Are your expectations for marketing properly aligned with goals?

 

A key lesson we all learn in life is how to set expectations. Unfortunately, it’s a lesson most of us only receive when our expectations are so out of whack that we suffer a crushing disappointment that comes at a cost.

Several marketers sell an outsourced program, but their #1 failure is to correctly set expectations for an owner and ensure that they are understood and agreed upon by all parties.

Here’s why and how you can get your marketing expectations back on track.

Consequences of Improper Expectations

Before we discuss how to set marketing expectations, we first have to understand why improperly setting them can lead to some significant shortfalls.

Improperly set expectations can have far-reaching effects. They can lead you to evaluate your campaigns wrongly, distributing too many different forms of content that confuse your audience, and, perhaps most importantly, doubt your marketing team. Setting proper expectations allows you to weather the inevitable storms and setbacks your marketing content is likely to have.

Let’s take a look at an example of how poorly set expectations might play out.

You are hosting an event for the first time, and you’d like to turn it into an ongoing series, a reasonable expectation. For the first one, you set your desired attendance at ten attendees. For the second, you double it, going up to 20. Then increasing seems to make sense, so the third goes up to 40 attendees, I think you get the point.

This example presents a few flaws in thinking. There is no mention of the tactics you’d use to get people to attend, such as email, social, or paid advertising, but let’s assume that from the very beginning, you are using all the promotion tools available to you.

So the question becomes, what exactly are you going to do differently to increase your audience every time? The only new tactic introduced here is the general word of mouth, which requires your audience to do the work for you — not a reliable method on which to build a robust set of expectations.

So setting more realistic expectations in this example would be to expect at least one new lead. They may or may not turn into a customer, but if you close one opportunity, odds are the new client probably pays for the event.

If you correctly calibrate your expectations and they end up being true, you’re likely to feel much better about the work you did.
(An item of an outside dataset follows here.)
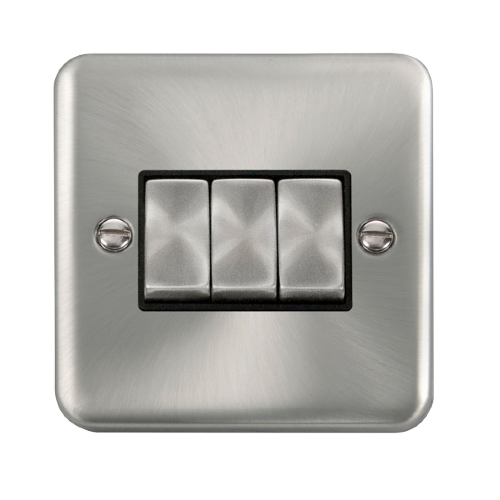 Scolmore DPSCBK-SMART3 - 1G Plate 3 Apertures Supplied With 3 x 10AX 2 Way Ingot Retractive Switch Modules - Satin Chrome - Black Deco Plus Scolmore - Sparks Warehouse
You’ll feel accomplished and successful. You should never discount how big of a boost this can provide you and your team moving forward.

Set Expectations that Work

Now the key here is to figure out how to set realistic expectations. It will vary depending on what form your marketing content will take, be it a blog post, video or marketing an event, but the key here is first to determine what you need to consider a marketing effort a success; is it a client conversion, lead generation or just broadened awareness of your business?

There are three different areas you can tune your expectations for:

1) Timeline

Whenever planning a marketing campaign, you need to allow time to let multiple, repeated attempts connect with your audience. Going back to the event example above, the expectation of doubling attendees for the first four events was clearly out of whack. Beyond just calling for a dramatic increase in attendees, it failed to plan beyond those four events or what goal would generate an outcome other than attendance.

Instead, the timeline should have extended to at least a year, with the expectation that halfway through the year, you can adequately evaluate, adjust and determine how many people are likely to attend each event.

Then, the expectations can be built gradually, from receiving positive feedback to maybe one or two returning attendees to a new customer to averaging a new lead each event and so on.

2) New Business

After you’ve set your timeline, figure out how many new engagements for your sales team could realistically potentially generate and set your expectations accordingly. Look at where you’re marketing (social, email, direct mail), who you’re marketing to, and data from past experiences. Just because you’re starting up something new doesn’t mean you’ve suddenly discovered gold, and new customers will start flying in.

3) Building Awareness

Once you’ve nailed down your goals for new leads or customers, you expect to get out of a marketing campaign. Then you can start thinking about attendees and clicks in an “awareness” bucket. Learning to set your expectations for how your marketing efforts will help expand the reach of your business’s brand.

Maybe someone doesn’t become a customer, but they tell a friend to attend your event, for example. Similarly, someone could share a blog post on social media, forward on an offer email or contact you for information. All of this builds awareness of your brand.

By continuing to push information out, you can view these clicks and shares as what they are – signifiers that your information is resonating and helping you to recalibrate your lead expectations.

Even if your marketing only reaches a handful of people, having it be high value and well put together, the content will set a precedent of quality that you can rely on down the road.

Setting Down Roots

With all of these suggestions, you’ve probably noticed two things standing out. One is that setting expectations requires you to lower the number of people you anticipate will attend/download/click on your marketing content, and two, it’s essential to play the long game.

The truth is no one piece of content is going to put your business suddenly over the top, flush with new business. You need to set incremental steps and continue to build and cultivate a brand that consumers can trust.

Setting expectations allow you to make improvements where needed and focus on your audience. You’ll feel better and do better work. Who doesn’t want that?

One last note, make sure to understand that marketing is different than sales. Two very different components and approaches a powerful combination when they work together.